I learned these major lessons from the tutorial: 1) Start at the edges, work inward. 2) Don't be afraid to use the darkest color to "putty in" some awkward corners. 3) Use the next-darkest color all around the rock, not just on one edge for shadow, but use it most on the shadowed side--and don't be afraid to glob it on there. 4) Use that same color for some extra antialiasing around the cracks. 5) Highlights should be pretty irregular--they're rocks after all! 6) Avoid accidentally creating a strong horizontal or vertical line; it's best if you do this part first.

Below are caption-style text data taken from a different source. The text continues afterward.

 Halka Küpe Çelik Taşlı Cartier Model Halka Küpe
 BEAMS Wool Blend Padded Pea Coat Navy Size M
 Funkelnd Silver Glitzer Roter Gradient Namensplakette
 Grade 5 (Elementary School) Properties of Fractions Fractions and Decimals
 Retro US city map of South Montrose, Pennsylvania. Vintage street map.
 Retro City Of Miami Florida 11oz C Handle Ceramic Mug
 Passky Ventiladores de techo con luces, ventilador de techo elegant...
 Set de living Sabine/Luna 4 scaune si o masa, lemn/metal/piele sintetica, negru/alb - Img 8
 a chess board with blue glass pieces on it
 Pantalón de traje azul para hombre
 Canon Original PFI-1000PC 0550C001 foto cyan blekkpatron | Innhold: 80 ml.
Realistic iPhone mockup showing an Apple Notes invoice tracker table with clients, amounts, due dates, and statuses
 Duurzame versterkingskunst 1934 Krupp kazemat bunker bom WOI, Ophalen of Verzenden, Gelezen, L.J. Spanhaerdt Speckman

My first attempt was less than successful, but this time I was able to knock out a good stone tile in very little time. A little practice doesn't hurt. This is what I came up with for a first attempt:
That came out pretty well, and with only 4 colors. So I thought to make it look more realistic, less pixel-arty, I would process it a bit. Here's the same image after I ran it through a soften filter, then sharpened twice:
One of the first BYOND games I ever saw did something like this, but with orange rocks that had a fiery tone, and they varied in brightness. So, I worked up a little something along those same lines. I redid my palette so that the crack color was black, and the rocks were shades going from red to orange. Then I added a brighter orange, and a darker red, for a 5-color range plus black. Any given rock used 3 of the colors. I had to be careful not to group the same colors too much, or accidentally create a direction line for the eye to follow.
That came out amazingly similar to what I was trying to emulate, only the rocks are bigger. It looks even better with the same smoothing applied:
Once I'd done this, I realized the same thing could be done to the original gray tones, so I did some quick color swaps on the orange one:
Then I smoothed again:
All in all, I got a nice base to work from if I ever want to use this tile--and variations on it--in a game. It just goes to show that when it comes to pixel art, even if you fail once or twice, it pays to be persistent. I learned a lot from that tutorial, and there is a wealth of others out there.